В своем изощренном отступничестве Дюмон, конечно, не достигает такого беспримесного воодушевления, как Тарантино, но режиссерская свобода и раскрепощенность фантазии процветают и на его специфическом празднике непослушания – настолько, насколько это вообще возможно для европейца, получившего (в отличие от воспитанника видеотек Тарантино) систематическое философское образование и обремененного культурными обязательствами.
Со страстью конструируя свой профанный мир, Дюмон словно не может полностью избавиться от тех глубинных смыслов существования, которые даже после показательного расчета с ними все-таки материализуются и в буквальном смысле всплывают на поверхность – из пены морской.
Когда герои фильма оказываются на берегу моря, в кадре открывается туманная, почти призрачная, но от того не менее очевидная (как образная константа) перспектива: мы видим оттесненные далеко в море, куда-то на линию горизонта развалины старинной обители[49]
.Вовлеченные в шальной круговорот действия герои Дюмона явно не замечают этот словно не подвластный игровой коррозии сакральный образ. Во всяком случае, не находятся с ним в отношениях. Ценностная перспектива если как-то и соотносится с происходящим в кадре, то лишь как некий трудноуловимый, затухающий ностальгический мотив, присутствующий на грани отсутствия. Впрочем, камера в фильме Дюмона даже не пытается приблизить к нам фатально удаленный объект. Может быть, потому что приближение к линии горизонта, как известно, только отдаляет ее.

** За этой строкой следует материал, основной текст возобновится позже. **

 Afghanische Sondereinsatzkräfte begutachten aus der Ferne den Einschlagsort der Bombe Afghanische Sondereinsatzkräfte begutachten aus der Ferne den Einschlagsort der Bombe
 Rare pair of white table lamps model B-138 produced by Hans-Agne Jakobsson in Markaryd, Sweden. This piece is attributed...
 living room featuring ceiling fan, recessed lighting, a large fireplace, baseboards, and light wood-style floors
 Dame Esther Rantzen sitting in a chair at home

Но куда же дальше? XXI век начался с события, которое продемонстрировало, что не только искусство (искусство кино, в частности) способно «идиотничать» и атаковать ценностные основы жизни. Оказалось, можно устроить уже и так (был бы глобально мыслящий демиург), что жизнь превзойдет искусство в непослушании и 11 сентября 2001 года доведет возможность/невозможность смыслообразования до «уровня 0» (ground zero). Игривый баланс «между дозволенным и недозволенным», как и предсказывал Ларс фон Триер, спровоцировал такой полет «ко всем чертям», который, произнося свое пророчество, Триер едва ли мог себе представить. Этот
Удивительно, но именно нью-йоркская катастрофа воспринимается иногда как момент завершения постмодернистского проекта[50]
. Но, наверное, имеет право на существование и другая версия: обломки «близнецов» обозначают вовсе не закат, а наступление исполинской, всемогущей зрелости постмодернизма. Точно так же, как обломки квартала в Сент-Луисе, взорванного в 1972 – 1973 годах, обозначили рождение этой и по сей день необычайно влиятельной культурной стратегии.Конец постмодернизма, «который уже никто не оспаривает» (З. Абдуллаева), постмодернизма, который «угасает, но еще теплится» (А. Долин)… – недостатка в категоричных или насмешливых формулах явно нет. Но что, если эти «веселые похороны» – лишь еще одна из забав загулявшего постмодернизма, который лишь усиливает свое влияние под распространившимися во множестве после его объявленной смерти псевдонимами: «авто-», «альтер-», «транс-», «гипер-», «мета-» и прочими «постпост» наименованиями? По крайней мере, очень похоже на искусительную игру, способную вызвать даже эйфорию, то, что и рождение, и смерть постмодернизма маркированы именем одного архитектора – Минору Ямасаки, спроектировавшего и квартал в Сент-Луисе, и нью-йоркских «близнецов».